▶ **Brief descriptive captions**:
--- START ---

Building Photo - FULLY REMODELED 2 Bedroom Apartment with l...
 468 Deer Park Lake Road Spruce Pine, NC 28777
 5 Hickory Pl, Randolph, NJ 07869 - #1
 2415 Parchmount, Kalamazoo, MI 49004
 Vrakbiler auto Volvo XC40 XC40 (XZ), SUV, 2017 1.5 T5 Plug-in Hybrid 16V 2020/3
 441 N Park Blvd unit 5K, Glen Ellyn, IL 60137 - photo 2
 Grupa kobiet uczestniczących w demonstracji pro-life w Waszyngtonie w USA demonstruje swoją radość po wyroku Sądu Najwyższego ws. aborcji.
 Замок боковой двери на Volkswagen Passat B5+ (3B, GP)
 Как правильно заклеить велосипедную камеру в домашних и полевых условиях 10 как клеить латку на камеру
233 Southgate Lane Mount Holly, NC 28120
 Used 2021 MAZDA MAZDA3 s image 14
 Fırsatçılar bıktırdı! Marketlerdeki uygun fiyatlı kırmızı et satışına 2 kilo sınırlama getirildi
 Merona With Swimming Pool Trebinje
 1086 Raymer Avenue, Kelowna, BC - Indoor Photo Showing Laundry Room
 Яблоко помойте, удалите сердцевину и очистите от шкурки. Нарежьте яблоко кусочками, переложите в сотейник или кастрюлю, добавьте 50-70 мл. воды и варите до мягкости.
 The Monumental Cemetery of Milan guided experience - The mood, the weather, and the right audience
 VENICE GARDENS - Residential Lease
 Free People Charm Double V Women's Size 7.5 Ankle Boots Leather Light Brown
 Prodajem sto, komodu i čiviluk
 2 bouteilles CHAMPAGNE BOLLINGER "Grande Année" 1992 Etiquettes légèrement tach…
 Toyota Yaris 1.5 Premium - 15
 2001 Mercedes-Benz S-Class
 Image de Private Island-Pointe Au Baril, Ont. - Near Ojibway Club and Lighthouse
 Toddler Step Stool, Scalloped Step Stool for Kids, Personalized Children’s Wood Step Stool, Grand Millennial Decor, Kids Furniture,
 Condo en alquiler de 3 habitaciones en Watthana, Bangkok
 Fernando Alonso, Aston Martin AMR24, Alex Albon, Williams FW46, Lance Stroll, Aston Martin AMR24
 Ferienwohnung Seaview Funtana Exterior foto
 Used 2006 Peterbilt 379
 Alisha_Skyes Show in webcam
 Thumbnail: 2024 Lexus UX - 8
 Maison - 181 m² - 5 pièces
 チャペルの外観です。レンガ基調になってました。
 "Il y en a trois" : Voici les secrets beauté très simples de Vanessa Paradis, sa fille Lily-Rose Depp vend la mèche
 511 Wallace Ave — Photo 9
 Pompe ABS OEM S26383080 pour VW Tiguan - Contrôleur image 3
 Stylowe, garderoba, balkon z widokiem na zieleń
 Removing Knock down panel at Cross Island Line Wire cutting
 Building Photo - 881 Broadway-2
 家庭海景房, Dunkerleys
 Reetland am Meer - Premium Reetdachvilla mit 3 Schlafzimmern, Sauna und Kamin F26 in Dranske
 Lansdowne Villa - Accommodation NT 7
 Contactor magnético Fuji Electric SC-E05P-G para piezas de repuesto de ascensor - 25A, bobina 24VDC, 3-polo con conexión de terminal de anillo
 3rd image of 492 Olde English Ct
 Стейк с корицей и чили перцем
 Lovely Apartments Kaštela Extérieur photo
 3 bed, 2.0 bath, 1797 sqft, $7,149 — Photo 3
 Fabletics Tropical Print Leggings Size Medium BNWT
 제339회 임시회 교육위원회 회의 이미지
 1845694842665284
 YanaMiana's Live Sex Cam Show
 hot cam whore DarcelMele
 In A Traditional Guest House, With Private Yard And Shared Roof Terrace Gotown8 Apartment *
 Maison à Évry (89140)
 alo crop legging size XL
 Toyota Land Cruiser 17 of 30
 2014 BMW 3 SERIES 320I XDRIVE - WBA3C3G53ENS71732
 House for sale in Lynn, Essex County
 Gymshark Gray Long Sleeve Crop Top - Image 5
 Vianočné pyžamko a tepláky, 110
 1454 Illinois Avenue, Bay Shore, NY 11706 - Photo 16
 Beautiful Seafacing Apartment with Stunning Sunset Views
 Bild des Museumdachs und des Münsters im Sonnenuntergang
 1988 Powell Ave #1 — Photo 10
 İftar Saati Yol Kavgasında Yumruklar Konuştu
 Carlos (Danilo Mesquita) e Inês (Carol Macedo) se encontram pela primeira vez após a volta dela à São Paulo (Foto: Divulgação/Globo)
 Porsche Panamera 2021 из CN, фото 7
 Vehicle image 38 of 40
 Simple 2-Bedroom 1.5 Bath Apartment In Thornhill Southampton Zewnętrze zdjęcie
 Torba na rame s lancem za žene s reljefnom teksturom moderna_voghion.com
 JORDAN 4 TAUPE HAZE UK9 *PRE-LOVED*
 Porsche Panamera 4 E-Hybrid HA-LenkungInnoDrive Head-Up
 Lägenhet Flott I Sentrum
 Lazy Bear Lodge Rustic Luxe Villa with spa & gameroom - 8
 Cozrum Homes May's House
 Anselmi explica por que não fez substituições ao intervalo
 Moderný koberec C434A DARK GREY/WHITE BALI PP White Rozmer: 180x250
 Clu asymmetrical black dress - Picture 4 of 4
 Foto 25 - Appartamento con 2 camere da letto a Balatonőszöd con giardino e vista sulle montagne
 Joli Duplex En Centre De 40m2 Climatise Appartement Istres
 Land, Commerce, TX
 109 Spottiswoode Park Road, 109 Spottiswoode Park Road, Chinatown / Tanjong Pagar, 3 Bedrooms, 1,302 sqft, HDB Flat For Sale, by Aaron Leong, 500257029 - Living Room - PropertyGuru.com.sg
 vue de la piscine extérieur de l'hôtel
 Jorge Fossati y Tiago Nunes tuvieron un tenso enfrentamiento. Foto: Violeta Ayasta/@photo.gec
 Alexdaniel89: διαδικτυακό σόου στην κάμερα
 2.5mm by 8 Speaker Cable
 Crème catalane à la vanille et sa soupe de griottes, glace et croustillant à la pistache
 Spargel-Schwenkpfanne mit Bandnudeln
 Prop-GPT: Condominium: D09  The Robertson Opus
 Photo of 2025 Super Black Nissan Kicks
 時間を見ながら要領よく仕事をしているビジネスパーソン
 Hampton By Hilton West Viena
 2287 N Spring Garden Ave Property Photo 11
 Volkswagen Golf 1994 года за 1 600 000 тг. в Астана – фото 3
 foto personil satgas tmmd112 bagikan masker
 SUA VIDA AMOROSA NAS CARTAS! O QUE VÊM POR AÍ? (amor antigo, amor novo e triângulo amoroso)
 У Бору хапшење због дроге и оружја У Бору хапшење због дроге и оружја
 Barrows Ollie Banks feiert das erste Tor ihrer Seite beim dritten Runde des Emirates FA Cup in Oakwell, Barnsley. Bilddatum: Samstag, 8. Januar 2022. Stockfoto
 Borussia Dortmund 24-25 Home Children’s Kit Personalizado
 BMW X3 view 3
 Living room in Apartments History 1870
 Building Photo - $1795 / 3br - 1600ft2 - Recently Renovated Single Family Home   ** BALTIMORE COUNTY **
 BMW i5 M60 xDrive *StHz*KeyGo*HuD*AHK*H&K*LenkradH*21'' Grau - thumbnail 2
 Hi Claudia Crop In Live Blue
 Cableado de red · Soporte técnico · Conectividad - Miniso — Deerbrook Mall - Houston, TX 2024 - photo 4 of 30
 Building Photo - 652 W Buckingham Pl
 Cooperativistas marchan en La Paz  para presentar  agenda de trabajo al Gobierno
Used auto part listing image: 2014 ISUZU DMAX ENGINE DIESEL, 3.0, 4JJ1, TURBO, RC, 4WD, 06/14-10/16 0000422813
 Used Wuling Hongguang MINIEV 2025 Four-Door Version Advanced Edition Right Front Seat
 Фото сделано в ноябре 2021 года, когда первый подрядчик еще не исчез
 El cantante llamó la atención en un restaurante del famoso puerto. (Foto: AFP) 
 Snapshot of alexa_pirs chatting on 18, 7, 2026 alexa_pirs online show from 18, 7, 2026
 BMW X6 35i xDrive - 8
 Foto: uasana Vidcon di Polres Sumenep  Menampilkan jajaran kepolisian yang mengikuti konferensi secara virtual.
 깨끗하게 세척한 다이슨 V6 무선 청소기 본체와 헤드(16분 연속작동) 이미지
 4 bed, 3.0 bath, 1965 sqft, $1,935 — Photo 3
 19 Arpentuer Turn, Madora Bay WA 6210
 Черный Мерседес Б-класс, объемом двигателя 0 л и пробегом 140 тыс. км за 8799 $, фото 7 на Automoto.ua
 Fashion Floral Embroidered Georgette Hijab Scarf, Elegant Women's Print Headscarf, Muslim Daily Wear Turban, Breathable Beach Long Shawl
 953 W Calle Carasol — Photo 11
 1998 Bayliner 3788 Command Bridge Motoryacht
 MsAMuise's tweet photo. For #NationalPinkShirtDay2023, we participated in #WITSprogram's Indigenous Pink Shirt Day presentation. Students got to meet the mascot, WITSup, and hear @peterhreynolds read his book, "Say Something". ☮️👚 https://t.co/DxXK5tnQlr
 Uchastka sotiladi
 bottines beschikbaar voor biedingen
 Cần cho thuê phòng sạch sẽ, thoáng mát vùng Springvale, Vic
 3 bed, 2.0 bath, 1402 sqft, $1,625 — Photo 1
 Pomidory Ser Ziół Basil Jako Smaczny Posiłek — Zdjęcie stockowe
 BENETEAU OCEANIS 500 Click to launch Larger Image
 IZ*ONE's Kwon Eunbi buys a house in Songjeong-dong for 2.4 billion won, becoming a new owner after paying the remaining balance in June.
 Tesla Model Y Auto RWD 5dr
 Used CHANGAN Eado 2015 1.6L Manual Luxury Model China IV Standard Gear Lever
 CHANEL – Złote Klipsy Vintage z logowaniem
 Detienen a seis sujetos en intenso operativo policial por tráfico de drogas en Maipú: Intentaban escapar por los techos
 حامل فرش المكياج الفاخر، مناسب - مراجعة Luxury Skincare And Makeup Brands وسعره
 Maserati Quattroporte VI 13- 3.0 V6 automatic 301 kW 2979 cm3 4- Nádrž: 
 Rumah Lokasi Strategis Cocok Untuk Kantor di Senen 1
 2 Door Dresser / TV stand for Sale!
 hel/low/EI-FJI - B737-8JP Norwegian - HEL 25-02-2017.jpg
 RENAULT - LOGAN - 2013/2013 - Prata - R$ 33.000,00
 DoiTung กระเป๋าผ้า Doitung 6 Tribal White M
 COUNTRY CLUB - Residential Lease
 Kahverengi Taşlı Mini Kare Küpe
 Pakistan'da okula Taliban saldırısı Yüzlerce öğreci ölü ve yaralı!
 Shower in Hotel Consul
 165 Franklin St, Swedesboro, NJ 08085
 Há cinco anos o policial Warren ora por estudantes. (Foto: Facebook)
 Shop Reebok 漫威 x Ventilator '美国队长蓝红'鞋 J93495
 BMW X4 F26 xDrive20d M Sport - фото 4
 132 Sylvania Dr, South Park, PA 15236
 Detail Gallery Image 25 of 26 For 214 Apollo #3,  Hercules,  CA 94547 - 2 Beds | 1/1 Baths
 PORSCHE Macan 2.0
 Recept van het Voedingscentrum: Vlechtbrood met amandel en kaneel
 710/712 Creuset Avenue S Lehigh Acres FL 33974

--- END ---

▶ **Task instructions**: Each line in the entries above, starting at the line with "Porsche Panamera 2021 из CN, фото 7" and ending at the line with "Volkswagen Golf 1994", is to be printed exactly, and only those lines.

▶ **Task output**:
 Porsche Panamera 2021 из CN, фото 7
 Vehicle image 38 of 40
 Simple 2-Bedroom 1.5 Bath Apartment In Thornhill Southampton Zewnętrze zdjęcie
 Torba na rame s lancem za žene s reljefnom teksturom moderna_voghion.com
 JORDAN 4 TAUPE HAZE UK9 *PRE-LOVED*
 Porsche Panamera 4 E-Hybrid HA-LenkungInnoDrive Head-Up
 Lägenhet Flott I Sentrum
 Lazy Bear Lodge Rustic Luxe Villa with spa & gameroom - 8
 Cozrum Homes May's House
 Anselmi explica por que não fez substituições ao intervalo
 Moderný koberec C434A DARK GREY/WHITE BALI PP White Rozmer: 180x250
 Clu asymmetrical black dress - Picture 4 of 4
 Foto 25 - Appartamento con 2 camere da letto a Balatonőszöd con giardino e vista sulle montagne
 Joli Duplex En Centre De 40m2 Climatise Appartement Istres
 Land, Commerce, TX
 109 Spottiswoode Park Road, 109 Spottiswoode Park Road, Chinatown / Tanjong Pagar, 3 Bedrooms, 1,302 sqft, HDB Flat For Sale, by Aaron Leong, 500257029 - Living Room - PropertyGuru.com.sg
 vue de la piscine extérieur de l'hôtel
 Jorge Fossati y Tiago Nunes tuvieron un tenso enfrentamiento. Foto: Violeta Ayasta/@photo.gec
 Alexdaniel89: διαδικτυακό σόου στην κάμερα
 2.5mm by 8 Speaker Cable
 Crème catalane à la vanille et sa soupe de griottes, glace et croustillant à la pistache
 Spargel-Schwenkpfanne mit Bandnudeln
 Prop-GPT: Condominium: D09  The Robertson Opus
 Photo of 2025 Super Black Nissan Kicks
 時間を見ながら要領よく仕事をしているビジネスパーソン
 Hampton By Hilton West Viena
 2287 N Spring Garden Ave Property Photo 11
 Volkswagen Golf 1994 года за 1 600 000 тг. в Астана – фото 3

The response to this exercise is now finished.